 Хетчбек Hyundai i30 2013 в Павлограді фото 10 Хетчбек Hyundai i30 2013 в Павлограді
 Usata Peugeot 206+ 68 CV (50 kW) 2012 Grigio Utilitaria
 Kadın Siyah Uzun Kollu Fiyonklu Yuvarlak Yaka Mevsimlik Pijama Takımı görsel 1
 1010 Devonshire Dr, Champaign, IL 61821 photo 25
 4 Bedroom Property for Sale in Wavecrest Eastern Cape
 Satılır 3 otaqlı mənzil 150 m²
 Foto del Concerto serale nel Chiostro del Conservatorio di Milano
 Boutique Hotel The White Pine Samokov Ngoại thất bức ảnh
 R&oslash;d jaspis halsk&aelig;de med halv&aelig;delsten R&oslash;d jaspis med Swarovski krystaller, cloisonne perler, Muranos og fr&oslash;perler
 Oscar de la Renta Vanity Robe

== == ==

▶ _What you should do_: Take the line that contains "Boutique Hotel The" and every line after it through the end of the listing above, and repeat them exactly.

▶ _Result_:
 Boutique Hotel The White Pine Samokov Ngoại thất bức ảnh
 R&oslash;d jaspis halsk&aelig;de med halv&aelig;delsten R&oslash;d jaspis med Swarovski krystaller, cloisonne perler, Muranos og fr&oslash;perler
 Oscar de la Renta Vanity Robe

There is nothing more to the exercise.